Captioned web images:
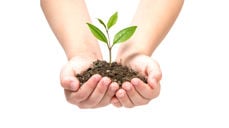 Bli fast giver i Modum menighet du også!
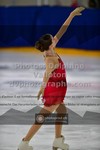 ref. photo 3408324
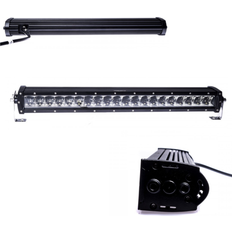 EinParts EPWLD01 LED-ljusramp 9-32 200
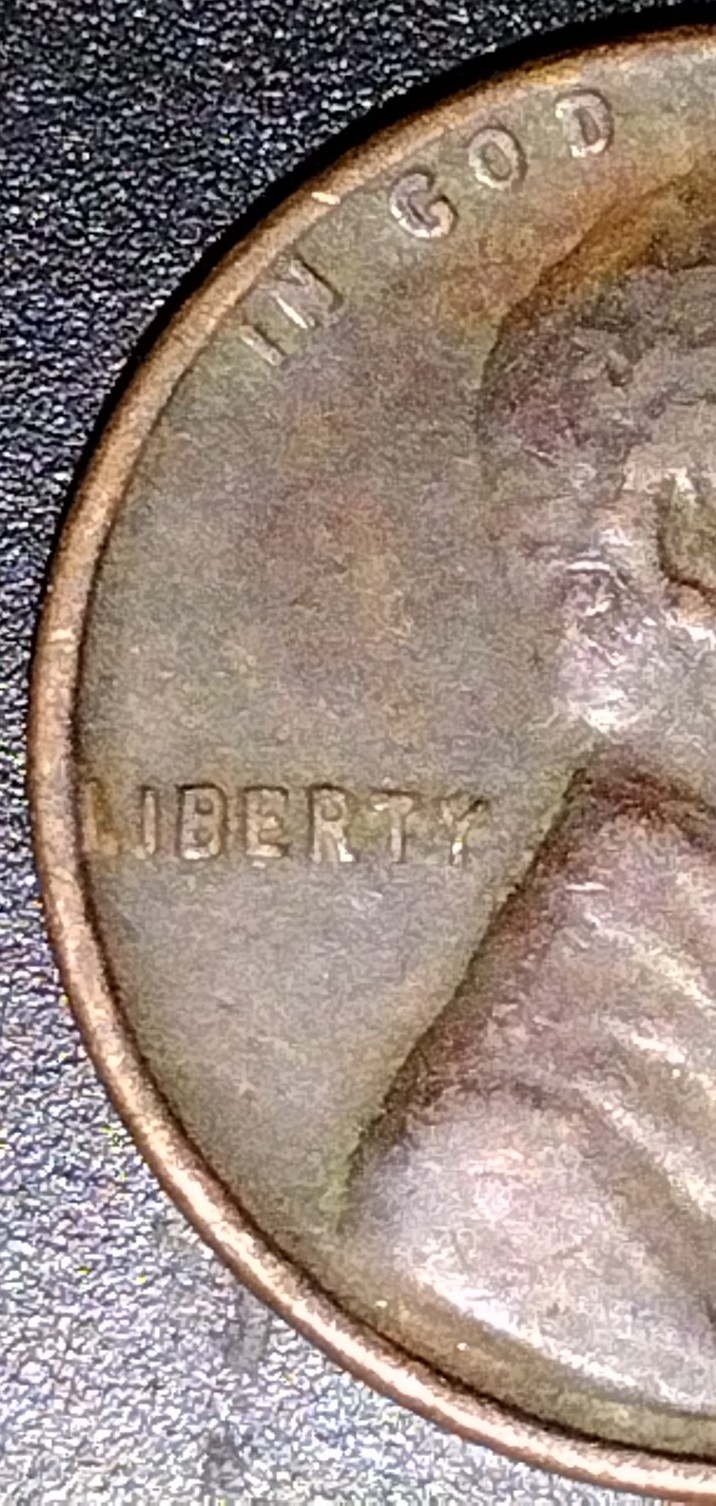 Any-Thoughts-On-This-1967-Lincoln-Cent?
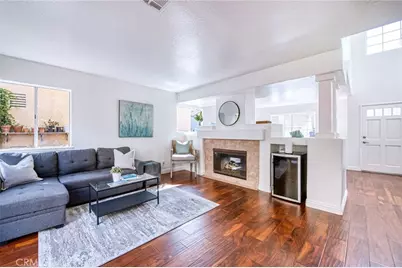 9 Channel Island Street, Aliso Viejo, CA 92656 - Photo 6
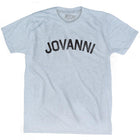 Athletic White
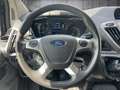 Ford Transit Custom 310 L1 Trend Nugget Hochdach Blau - thumbnail 10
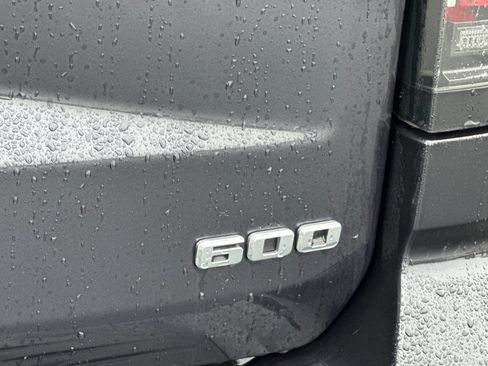 Certified 2025 Cadillac Escalade Premium Luxury image 53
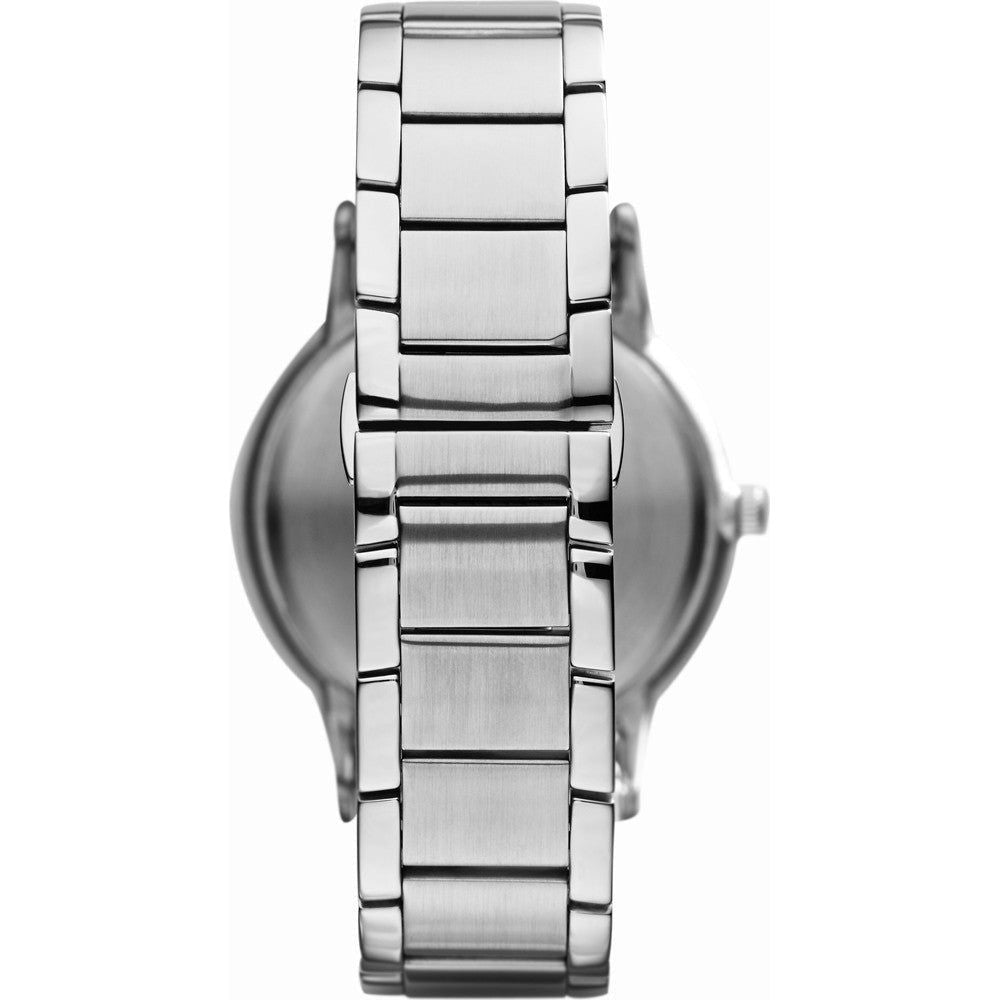 EMPORIO ARMANI MOD. AR11180 WATCHES EMPORIO ARMANI Gray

**Goal of the exercise**
Within the data above, repeat exactly the lines from the one bearing "Any-Thoughts-On-This-1967-Lincoln-Cent?" through the one bearing "Certified 2025 Cadillac". Include no pictures and nothing else.

**Expected output**
 Any-Thoughts-On-This-1967-Lincoln-Cent?
 9 Channel Island Street, Aliso Viejo, CA 92656 - Photo 6
 Athletic White
 Ford Transit Custom 310 L1 Trend Nugget Hochdach Blau - thumbnail 10
 Certified 2025 Cadillac Escalade Premium Luxury image 53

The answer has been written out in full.